Prominent copper sulfide minerals include Cu2S (chalcocite) and CuS (covellite). In the mining industry, the minerals bornite or chalcopyrite, which consist of mixed copper-iron sulfides, are often referred to as "copper sulfides". In chemistry, a "binary copper sulfide" is any binary chemical compound of the elements copper and sulfur. Whatever their source, copper sulfides vary widely in composition with 0.5 ≤ Cu/S ≤ 2, including numerous non-stoichiometric compounds.
The naturally occurring mineral binary compounds of copper and sulfur are listed below. Investigations of "blaubleibender covellite" (black) formed by natural learning of chut of covellite (CuS) indicate that there are other metastable Cu-S phases still to be fully characterised.
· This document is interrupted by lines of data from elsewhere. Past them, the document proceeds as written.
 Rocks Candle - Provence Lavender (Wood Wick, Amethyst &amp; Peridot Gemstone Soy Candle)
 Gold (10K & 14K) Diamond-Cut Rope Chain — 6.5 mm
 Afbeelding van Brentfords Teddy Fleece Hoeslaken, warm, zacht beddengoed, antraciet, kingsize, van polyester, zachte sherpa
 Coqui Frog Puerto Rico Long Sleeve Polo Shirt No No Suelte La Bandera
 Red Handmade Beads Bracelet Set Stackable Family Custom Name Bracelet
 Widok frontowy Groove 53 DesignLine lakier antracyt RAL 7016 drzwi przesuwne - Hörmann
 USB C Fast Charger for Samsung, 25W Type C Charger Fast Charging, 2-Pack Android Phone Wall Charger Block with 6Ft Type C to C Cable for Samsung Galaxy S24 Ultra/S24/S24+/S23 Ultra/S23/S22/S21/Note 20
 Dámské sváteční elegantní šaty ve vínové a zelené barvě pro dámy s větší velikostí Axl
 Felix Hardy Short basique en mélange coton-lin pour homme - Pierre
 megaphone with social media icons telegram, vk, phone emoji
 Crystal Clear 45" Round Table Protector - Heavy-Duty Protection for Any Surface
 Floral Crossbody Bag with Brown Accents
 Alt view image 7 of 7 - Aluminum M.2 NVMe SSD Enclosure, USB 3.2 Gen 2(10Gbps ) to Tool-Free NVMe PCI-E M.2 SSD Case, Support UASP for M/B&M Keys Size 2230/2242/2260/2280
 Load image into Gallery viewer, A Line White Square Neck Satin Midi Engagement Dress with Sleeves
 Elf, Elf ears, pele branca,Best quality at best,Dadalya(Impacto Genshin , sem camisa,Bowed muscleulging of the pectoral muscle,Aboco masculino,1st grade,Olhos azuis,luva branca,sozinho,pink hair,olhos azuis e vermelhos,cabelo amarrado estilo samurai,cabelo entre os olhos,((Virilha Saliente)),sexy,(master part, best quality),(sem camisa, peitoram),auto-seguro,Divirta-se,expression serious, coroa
Copper sulfides can be classified into three groups:
Monosulfides, 1.6 ≤ Cu/S ≤ 2: their crystal structures consist of isolated sulfide anions that are closely related to either hcp or fcc lattices, without any direct S-S bonds. The copper ions are distributed in a complicated manner over interstitial sites with both trigonal as well as distorted tetrahedral coordination and are rather mobile. Therefore, this group of copper sulfides shows ionic conductivity at slightly elevated temperatures. In addition, the majority of its members are semiconductors.
Mixed monosulfide and disulfide compounds of copper contain both monosulfide (S2−) as well as disulfide (S2)n− anions. Their crystal structures usually consist of alternating hexagonal layers of monosulfide and disulfide anions with Cu cations in trigonal and tetrahedral interstices. CuS, for example, can be written as Cu3(S2)S. Several nonstoichiometric compounds with Cu:S ratios between 1.0 and 1.4 also contain both monosulfide as well as disulfide ions. Depending on their composition, these copper sulfides are either semiconductors or metallic conductors.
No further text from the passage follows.